Using music as a sounding board for his depression, Linkous has quietly created a body of work as influential and challenging as that of anyone in alternative music. Starting with Vivadixiesubmarinetransmissionplot in 1995, each successive release has deepened the emotional well, producing music of a rare and ghostly beauty. Related to both alt-country and atmospheric electronica, the songs of Mark Linkous reflect influences as diverse as Tom Waits and minimalist composer Philip Glass. The former has had a profound impact on Linkous' work.

"Waits' songs, especially on albums like Swordfishtrombones, sounded like they were recorded in junkyards and mixed through car stereo speakers," says Linkous. "Listening to his music is like watching a cool documentary on TV."

The same could be said for all four Sparklehorse releases. Both Good Morning Spider and It's a Wonderful Life are full of cinematic themes, recorded and played on period machinery, recalling the sound of cracking vinyl looped with disembodied voices and topped with Linkous' distorted whisper of a voice. Songs like "Pig," "Sea of Teeth," and "Apple Bed" play like tributes to a past most would gladly forget, excursions into a dark, rural experience, a world of solitude that Linkous literally lives out at his North Carolina home.

"Sometimes, I just don't come off this mountain for ages," says Linkous.

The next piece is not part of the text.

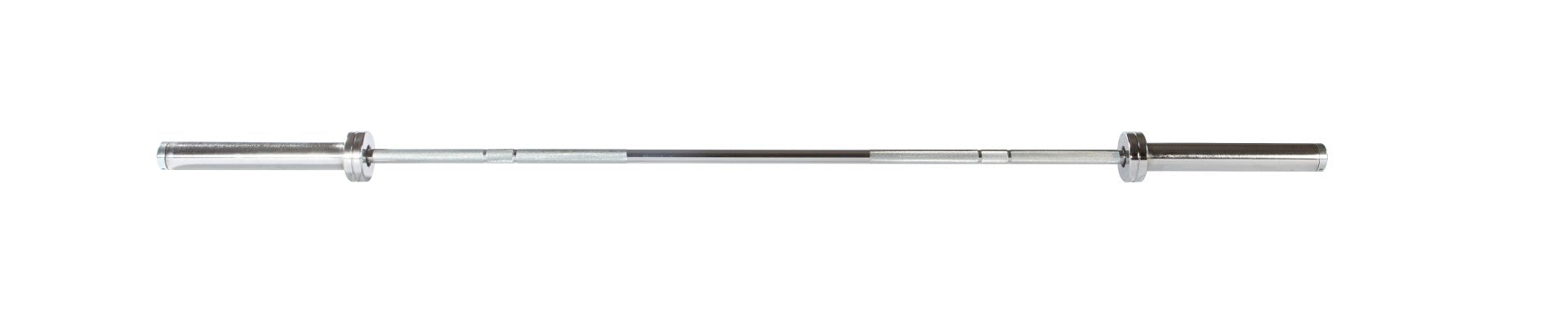 York Barbell Women’s North American Chrome Olympic Training Weight Bar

But when he does, it's always in the service of quality material. Featuring melodies and quickened tempos that would have seemed out of place on previous releases, Dreamt for Light Years in the Belly of a Mountain is packed with surprisingly hummable fare. "Don't Take My Sunshine Away" and "Some Sweet Day" are just two of the songs begging for release as singles. Unexpectedly, and despite critical kudos, Linkous does not have the highest opinion of his latest work.

"I'm not wholly satisfied with this record," says Linkous. "I had to compromise on a couple of songs, and I let them out not exactly like I heard them in my head."

It's not often that an artist shares such a subdued assessment for a new release, but Mark Linkous is not your usual anything. His soft-spoken demeanor is actually disconcerting, like the quiet neighbor who has a basement full of dark secrets. Linkous is still affected by a drug overdose that occurred nearly a decade ago. The story of Linkous collapsing in his hotel room while on alcohol, Valium, and antidepressants and nearly loosing both his legs has become part of the artist's lore. After many surgeries, he can walk without assistance, but the sad tale sticks to him as much as any esteem his music may have provided.

"It's a morbid sense of curiosity that everyone still asks about my past drug use," says Linkous. "I'm guilty of the same thing when it comes to Daniel Johnston."

Claiming his emotional state has improved, Linkous is eager to get out on the road with a new collection of sidemen and face an audience that once petrified him. Always strapped with a notorious case of stage fright, Linkous feels empowered by the fact that his music is gaining the same inroads in the States that it has long made in Europe.

"After four records, people in America seem to be coming around to me," says Linkous. "Enough people here accept what I do and appreciate it, and I'm not as terrified to tour as I was in the past."